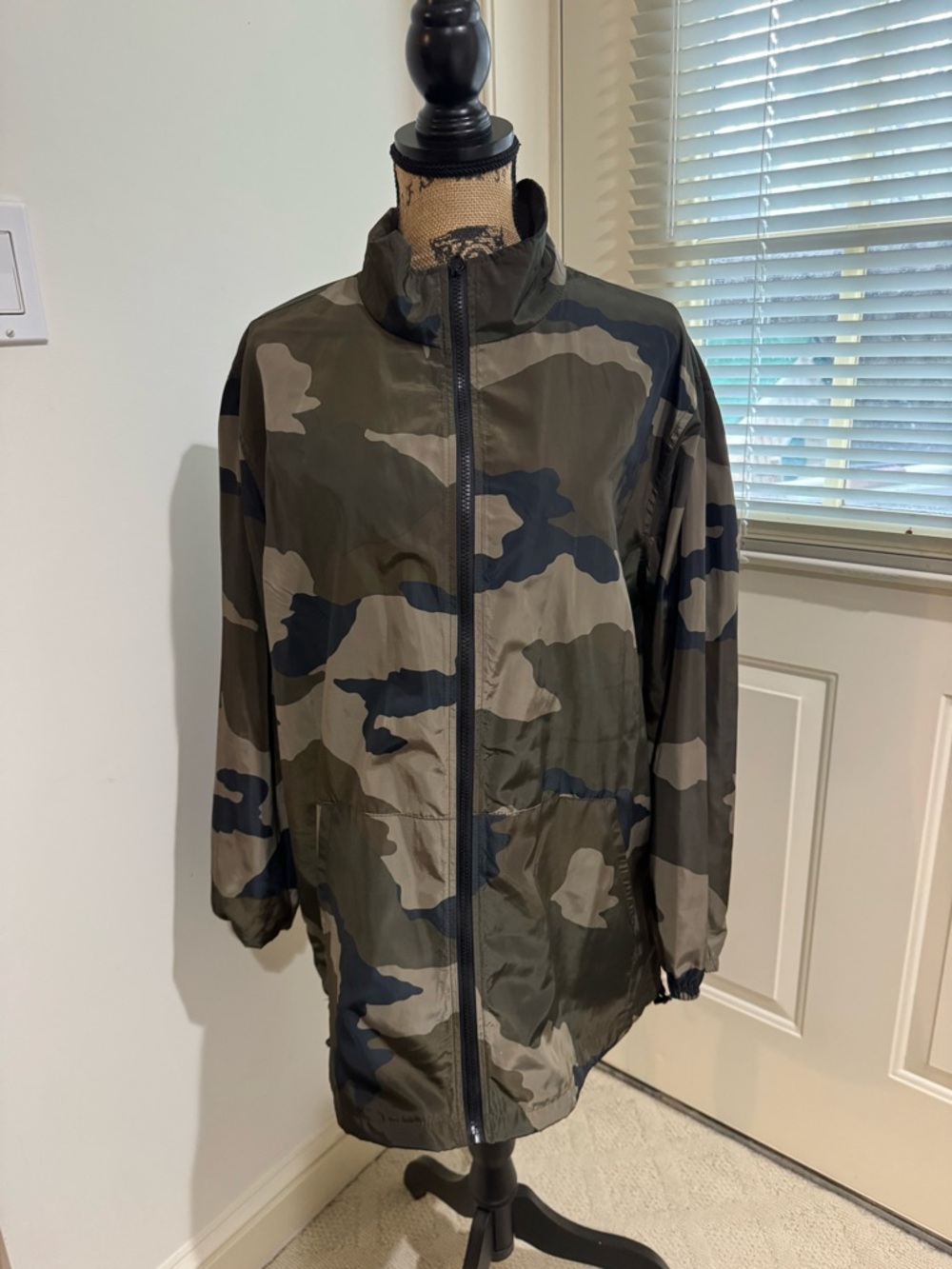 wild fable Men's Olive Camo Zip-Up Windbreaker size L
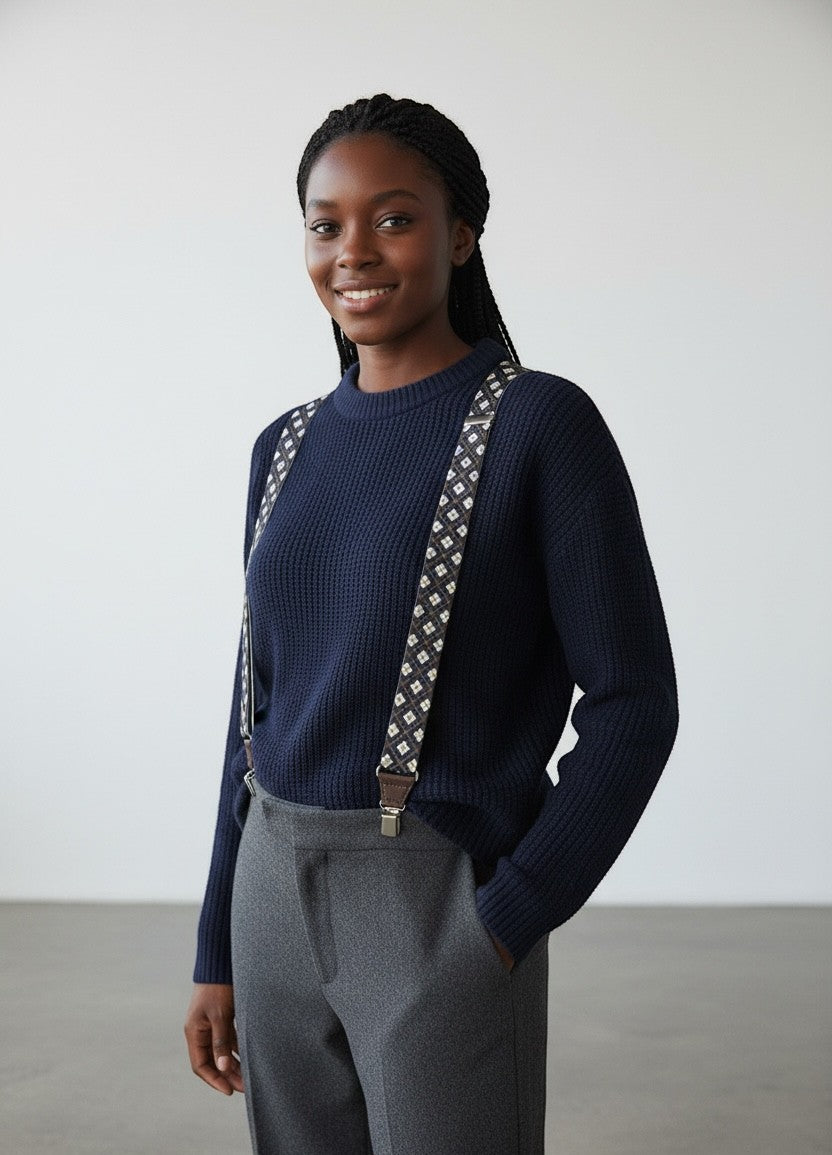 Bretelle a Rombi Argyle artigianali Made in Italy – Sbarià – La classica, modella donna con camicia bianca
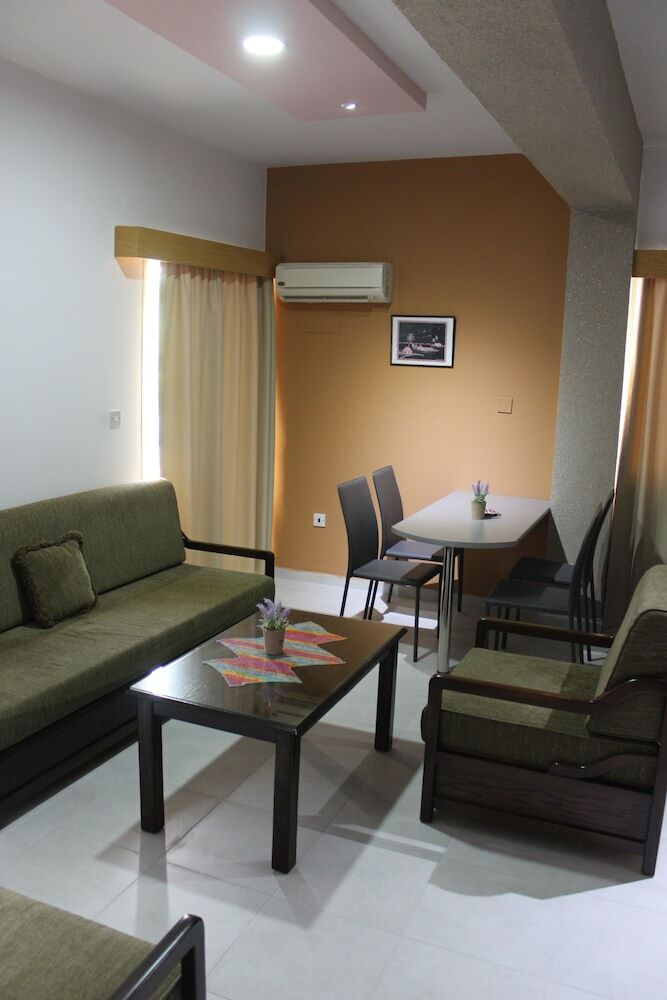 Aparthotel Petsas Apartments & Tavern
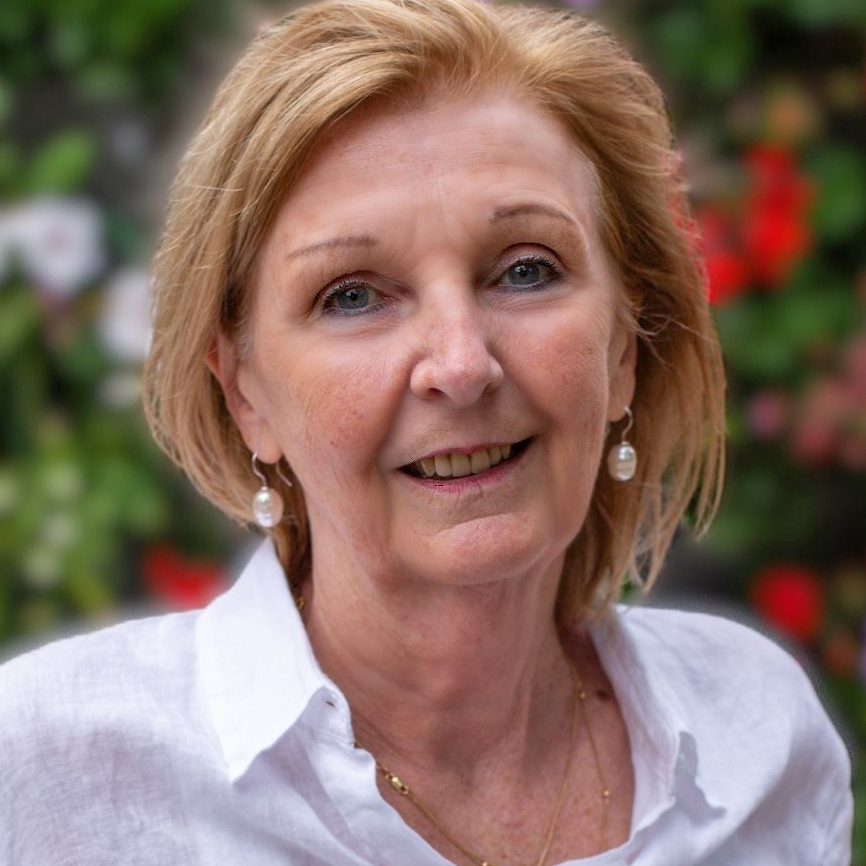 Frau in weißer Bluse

Assignment: The answer is the whole listing above, written out verbatim, without its pictures.

Solution for this exercise:
 wild fable Men's Olive Camo Zip-Up Windbreaker size L
 Bretelle a Rombi Argyle artigianali Made in Italy – Sbarià – La classica, modella donna con camicia bianca
 Aparthotel Petsas Apartments & Tavern
 Frau in weißer Bluse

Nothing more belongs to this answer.